Share

Cukup Prita!

"Jadi dong masa ngga. Om Firas keluar dulu aja, aku malu," balas Prita bersemangat. Ia tidak ingin Firas melihat wajahnya yang memerah.

"Ya udah aku tunggu di luar, yah. Kalo kelamaan, mending ngga usah jadi aja," kata Firas lagi sengaja agar Prita cepat-cepat keluar.

"Dasar pria tua bangka bawel!" racau Prita pelan, namun masih bisa didengar oleh Firas.

"Apa kamu bilang?" Firas menaikkan nada suaranya mendengar kata-kata Prita.

"Eh, ngga Om ganteng. Cepet sana keluar duluan. Sebentar lagi aku nyusul," sahut Prita pura-pura berkata manis.

Akhirnya Firas keluar dan menunggu di ruang tamu. Ia tidak lupa untuk mengecek rekaman CCTV di kamar saat ini. Ia melihat Prita membuka selimut sambil mengipas-ngipas tubuhnya dengan kedua tangannya. Ia kepanasan karena terlalu lama bersembunyi di dalam selimut.

Setelah itu, ia menarik nafas dalam-dalam dan menghembuskannya. Ia melakukannya hingga berkali-kali. Kemudian bangkit sambil menepuk pipinya dan mengucapkan kata semangat.

Firas bergegas mematikan ponselnya dan meletakkannya di saku celana.

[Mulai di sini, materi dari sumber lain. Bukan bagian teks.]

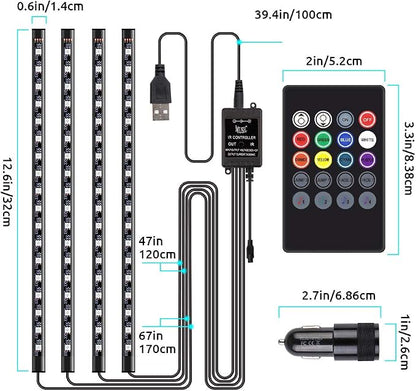 Car Interior Lights 72 LEDs, 4X Car LED Strip Lights Including Cigarette Charger, LED RGB Floor Car Lights with Music Changing Remote Control Decorative Atmosphere Ambient Lighting Kits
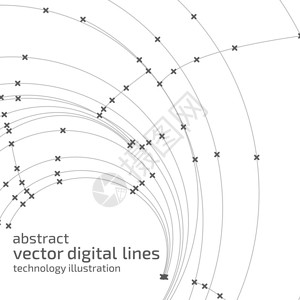矢量抽象背景现代技术插图与网格和点数字几何抽象线条和图片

Ia takut ketahuan karena sebentar lagi Prita akan muncul.

"Ayo, Om!" ajak Prita tanpa menoleh sedikitpun. Ia berjalan keluar menuju garasi mobil.

"Dasar anak songong!" kata Firas berjalan di belakang Prita.

Mendengar apa yang dikatakan Firas, Prita menoleh ke belakang sambil nyengir kuda. Ia menunjukkan gigi gingsulnya dengan lesung pipi yang menghiasi wajahnya.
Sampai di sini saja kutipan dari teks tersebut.